> [BRIEF]:
Each line in the data must be reproduced as written, except for any picture.

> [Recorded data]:
◇ ◇ ◇ ◇ ◇
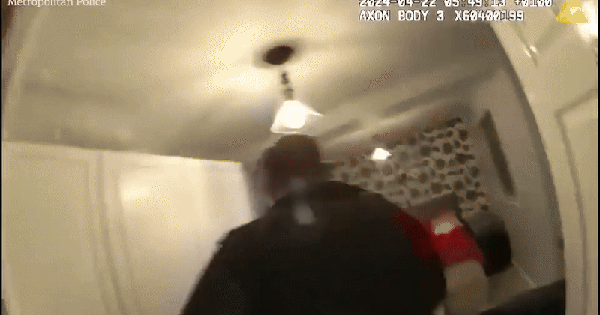 'Nữ hoàng bitcoin' Trung Quốc mơ 'trị vì Liberland' sa lưới: Hai lần cảnh sát ập vào đều nằm trên giường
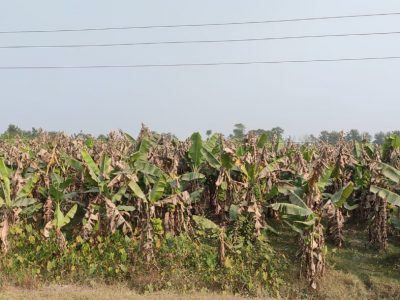 बाढीले ५० लाख बराबरको केरा नोक्सान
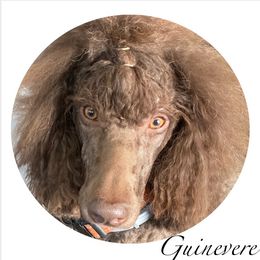 Poodle All Grown Up from New Beginnings Standard Poodles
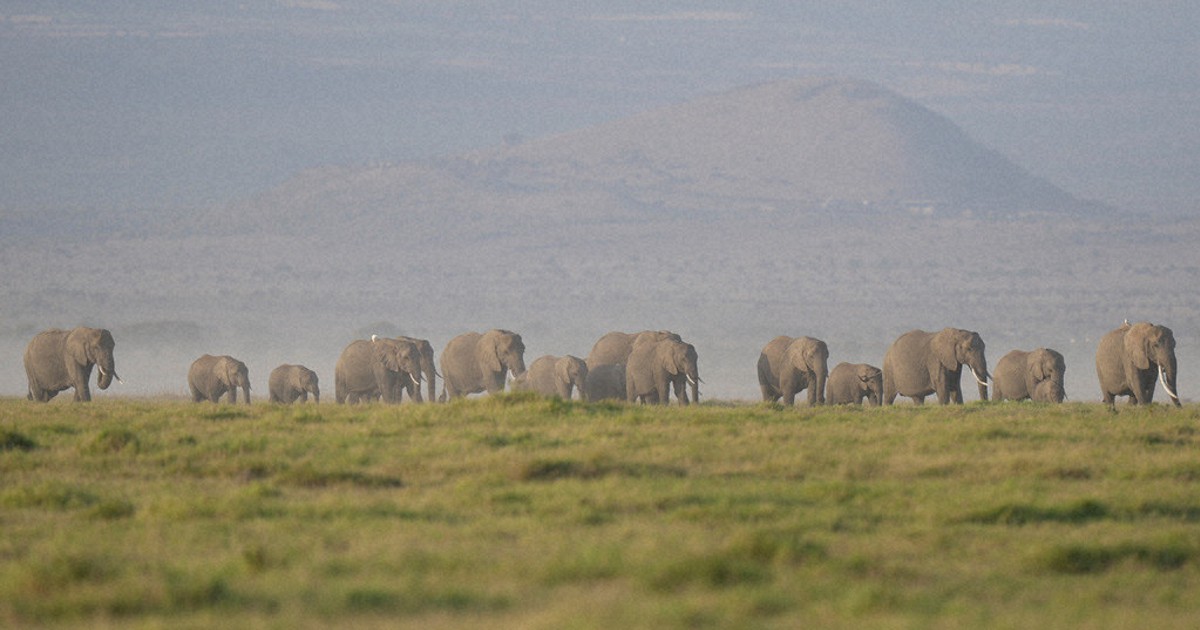 The deaths of 15 elephants in Kenya's Amboseli National Park spark investigation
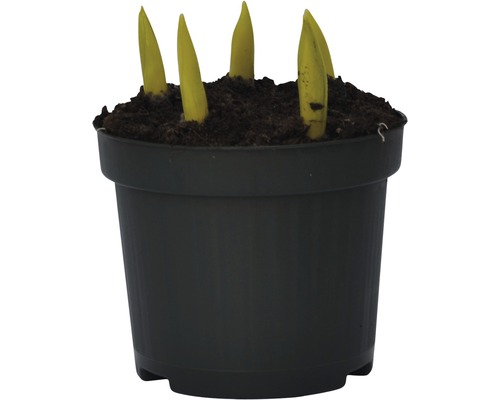 Jungpflanzen in einem schwarzen Pflanztopf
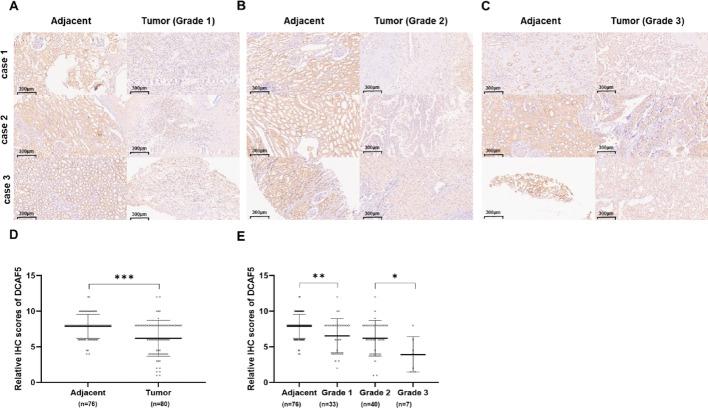 https://cdn.ncbi.nlm.nih.gov/pmc/blobs/25c4/12170971/05e06056dffc/12672_2025_2974_Fig1_HTML.jpg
◇ ◇ ◇ ◇ ◇
> [TASK OUTPUT]:
 'Nữ hoàng bitcoin' Trung Quốc mơ 'trị vì Liberland' sa lưới: Hai lần cảnh sát ập vào đều nằm trên giường
 बाढीले ५० लाख बराबरको केरा नोक्सान
 Poodle All Grown Up from New Beginnings Standard Poodles
 The deaths of 15 elephants in Kenya's Amboseli National Park spark investigation
 Jungpflanzen in einem schwarzen Pflanztopf
 https://cdn.ncbi.nlm.nih.gov/pmc/blobs/25c4/12170971/05e06056dffc/12672_2025_2974_Fig1_HTML.jpg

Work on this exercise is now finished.